# Jobflow-remote introduction

Jobflow-remote is a free, open-source library serving as a manager for the execution of [jobflow](https://materialsproject.github.io/jobflow/) workflows. Most of the information about how to set up and use jobflow-remote can be found in the [official documentation](https://matgenix.github.io/jobflow-remote/index.html).

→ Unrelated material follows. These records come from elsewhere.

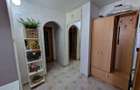 Apartament 2 camere, decomandate,an 1991, etaj 4/4, Ploiesti 9 Mai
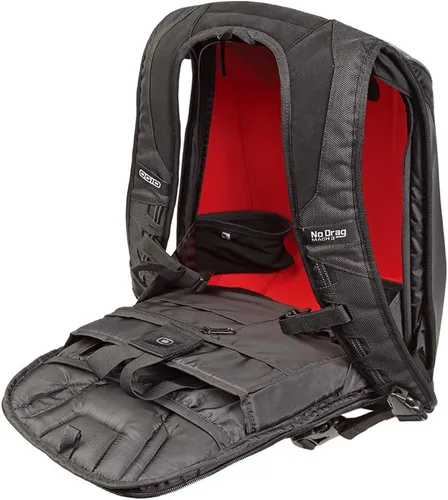 Vista 2 de Ogio No Drag Mach 3 - Mochila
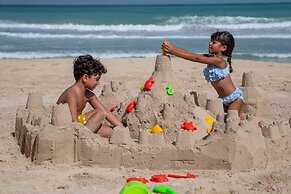 Jumeirah Al Naseem Dubai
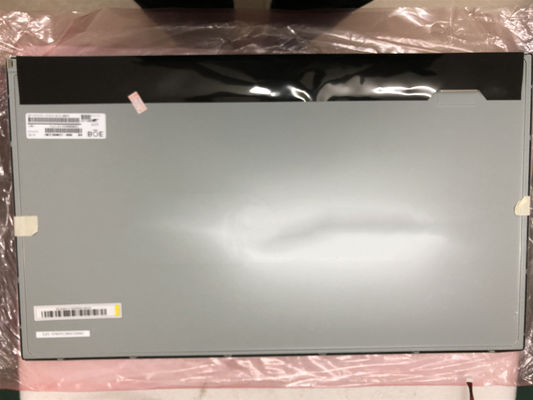 LM230WF5-TLF1 95PPI स्क्वायर Tft डिस्प्ले 23.0 &quot;250cd / M2 WLED ड्राइवर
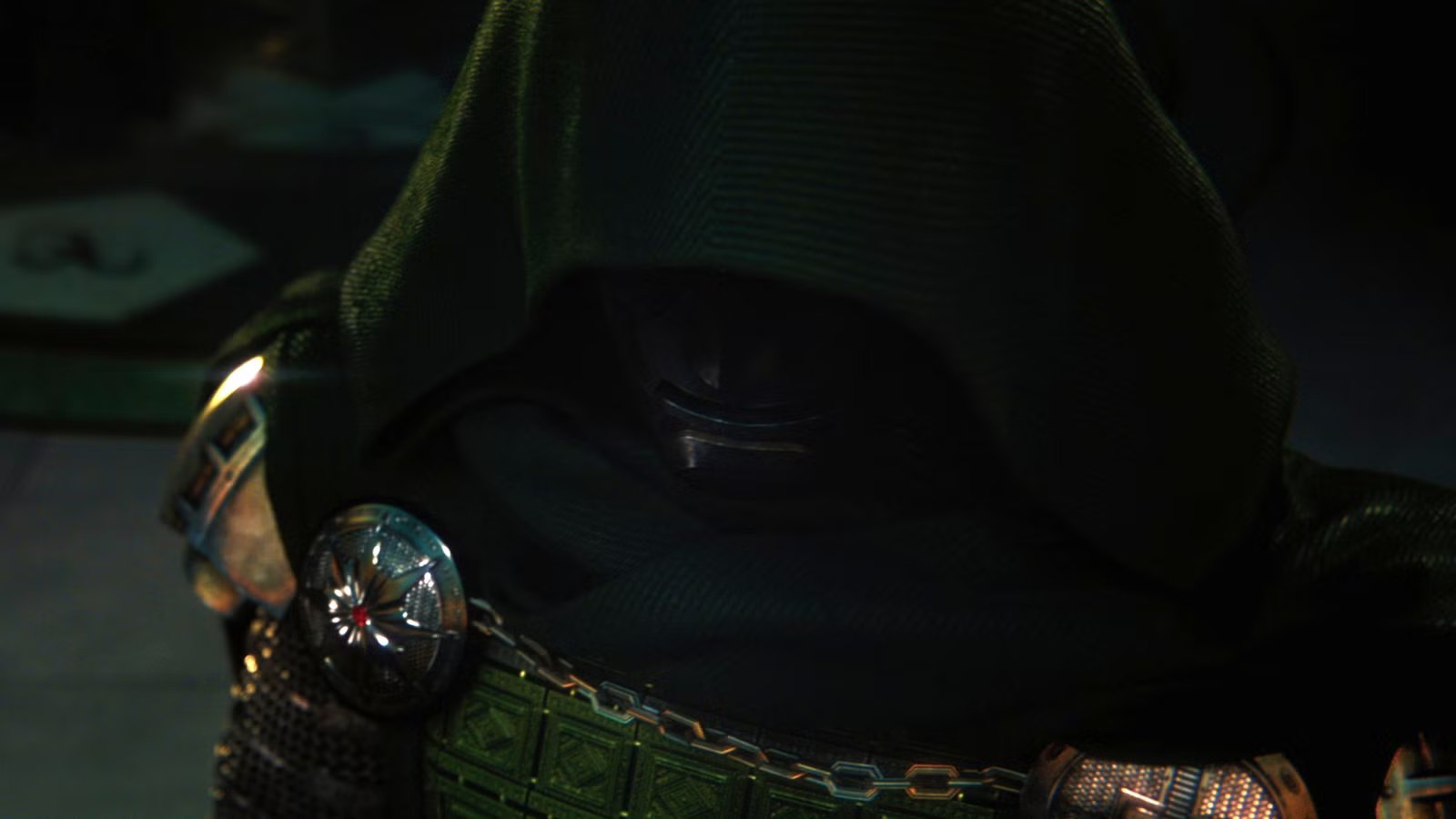 Disney+ Mengungkap 15 Film & Serial Marvel Wajib Tonton Sebelum Avengers: Doomsday!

## Setting up jobflow-remote

While the first set to use jobflow-remote would be to [set up the configuration file for one project](https://matgenix.github.io/jobflow-remote/user/install.html), in this tutorial all the configurations have already been performed. Nonetheless it may be helpfull to explore the content of the configuration yaml file that has been generated. The default location is in the `~/.jfremote` folder.
A few important sections that you might want to check are:
* `name`: the name of the project (note that while it is advisable that the configuration file has the same name as the project, this is not a constraint)
* `workers`: the workers available for this project. In this case there are several workers available:
  * `cecam`: submits jobs to the Helvetios cluster in the SLURM queue
  * `cecam_fw`: runs jobs on the front end of the Helvetios cluster
  * `local_slurm`: submits jobs to the `slurm` container in its SLURM queue
  * `local`: runs jobs directly in the `jupyter` container.
* `queue`: the connection details to the MongoDB database containing the details about the Jobs execution
* `jobstore`: the connection details to jobflow's `JobStore`, containing the Job's outputs
* `exec_config`: common configurations required to execute Jobs on the workers.

In [None]:
!cat /home/jovyan/.jfremote/PROJECTNAME.yaml # Replace PROJECTNAME with your chosen project name

## The `jf` CLI

Most of the interactions with jobflow-remote can be performed using the `jf` command line interface. It is usually executed from the shell, but can also be executed inside this notebook, prepending the command with an exlamation mark `!`.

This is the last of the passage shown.